Material shown
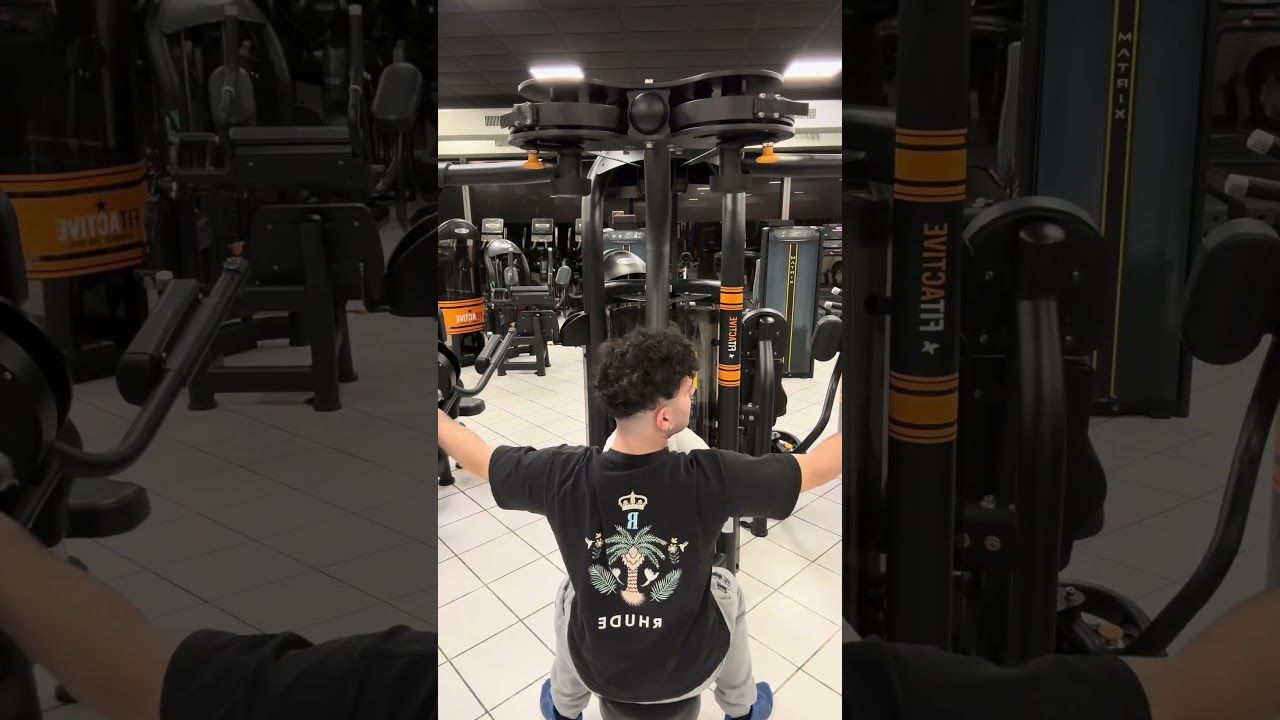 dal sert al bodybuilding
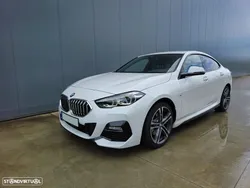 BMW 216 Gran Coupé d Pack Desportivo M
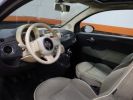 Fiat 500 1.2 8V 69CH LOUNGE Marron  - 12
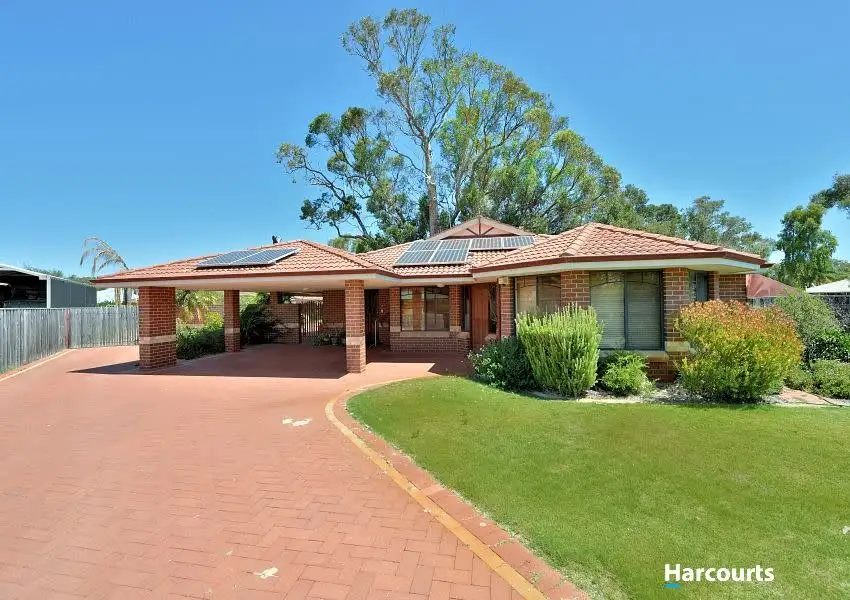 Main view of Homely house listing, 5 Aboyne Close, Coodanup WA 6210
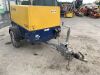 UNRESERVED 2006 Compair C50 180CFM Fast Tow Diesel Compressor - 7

Exercise details
Copy exactly the lines from the line that has "Fiat 500 1.2" through the last line of the entries above, inclusive, and no others. Pictures do not go in the copy.

Result for this exercise
 Fiat 500 1.2 8V 69CH LOUNGE Marron  - 12
 Main view of Homely house listing, 5 Aboyne Close, Coodanup WA 6210
 UNRESERVED 2006 Compair C50 180CFM Fast Tow Diesel Compressor - 7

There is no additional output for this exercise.